Your Honours will see a reference also to Justice Atkinson.  So that his Honour clearly relied on that and so too did Justice Dixon at page 466, point 9, in a passage going through to page 467, about point 3.  Then at page 471, about point 4, going through to page 472, point 1.  If I could refer particularly to the last paragraph on page 471 and then the paragraph numbered 1 on page 472.  The general position was discussed by his Honour at the bottom of page 466 and the top of page 467 in the passage which I earlier referred to.

Your Honours, Justice McTiernan, at page 472, in a passage commencing at the second paragraph of his reasons on that page, relies on the prohibition in the statutory provision.  It is apparent that that is the basis on which he relies in his reasons.  Justice Williams, at page 479, about point 4, in the paragraph commencing, “The attempted repudiation”.  So that that is the basis of that decision and no doubt it is correct to say that in an appropriate case a statutory provision may have the effect that a purported termination in some circumstances is not effective.  But in endeavouring to apply that to the present case, the critical thing is to examine the relevant provision.

I have gone to the provisions of the award already, but what they do support, in our submission, is the contention which we advance in paragraph 20(a) of our outline of submissions that the whole structure of clause 11 and clause 41 suggests that there is not nullity brought about by a termination of employment which does not comply with clause 11(a).  Indeed, clause 11(a) really recognises that the termination will be effective.  What it does do - and your Honours will have seen, for example, the provision that said that the fact that under the award, if the clause 41 procedure is brought into being, then the employee is to work, but the fact the employee is working does not affect the validity of what has gone before, namely, the termination.

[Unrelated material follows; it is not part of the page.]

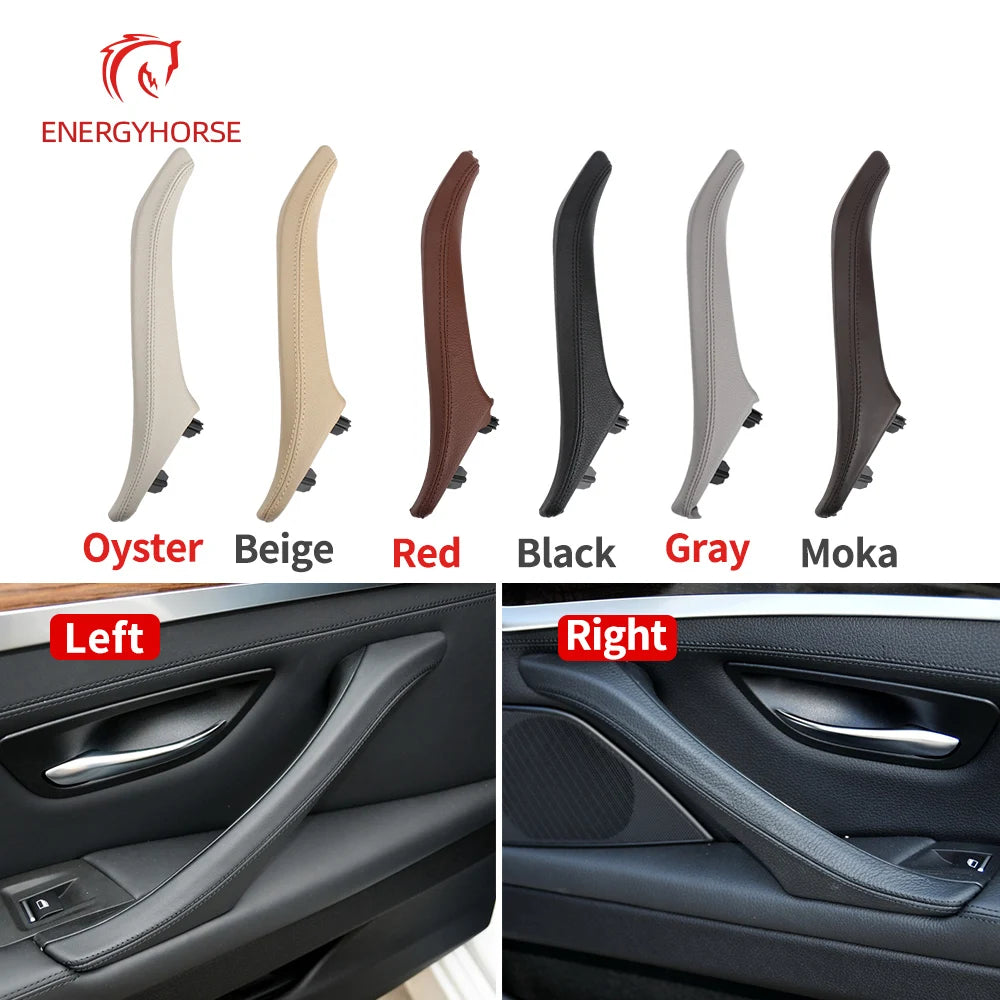 LHD RHD Upgraded New Interior Passenger Door Handle Inside Panel Trim For BMW 5 Serie alternate view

What is sought to be done by clause 11(a) is to bring into being a procedure which will resolve a matter which is, of course, capable of giving rise to, amongst other things, industrial disputation.  Could we refer also to the passages from the reasons of the majority in this case which we have set out in paragraph 20(a) of our written submissions, and I have already taken your Honours to those earlier when dealing with the terms of clause 11 and clause 41.  One does have, also, the matters to which we refer in paragraph 20(b).  If I could take your Honours for just a moment to that passage at page 877.  It is the paragraph commencing at the bottom of the page and going through the whole of that paragraph on the next page, on page 878, and that demonstrates, in our submission, that the better view is that the notion that the employment will continue until the determination by a court is unlikely to be the better view of the operation of the award. 

May I move from that to paragraph (5) of our learned friend’s outline of submissions.  That appears to deal with an award-based right.  What we have said already in relation to other aspects of the case and in our outline of submissions really deals, I think, with anything that is relied on in that regard.  I just wish to add a couple of things, your Honours.  The first is this:  that it is not entirely clear, with respect, whether reliance is still placed ‑ and I say “still placed” because of the terms of ground 6 of the notices of appeal in this case ‑ whether reliance is still placed on a tortious basis. 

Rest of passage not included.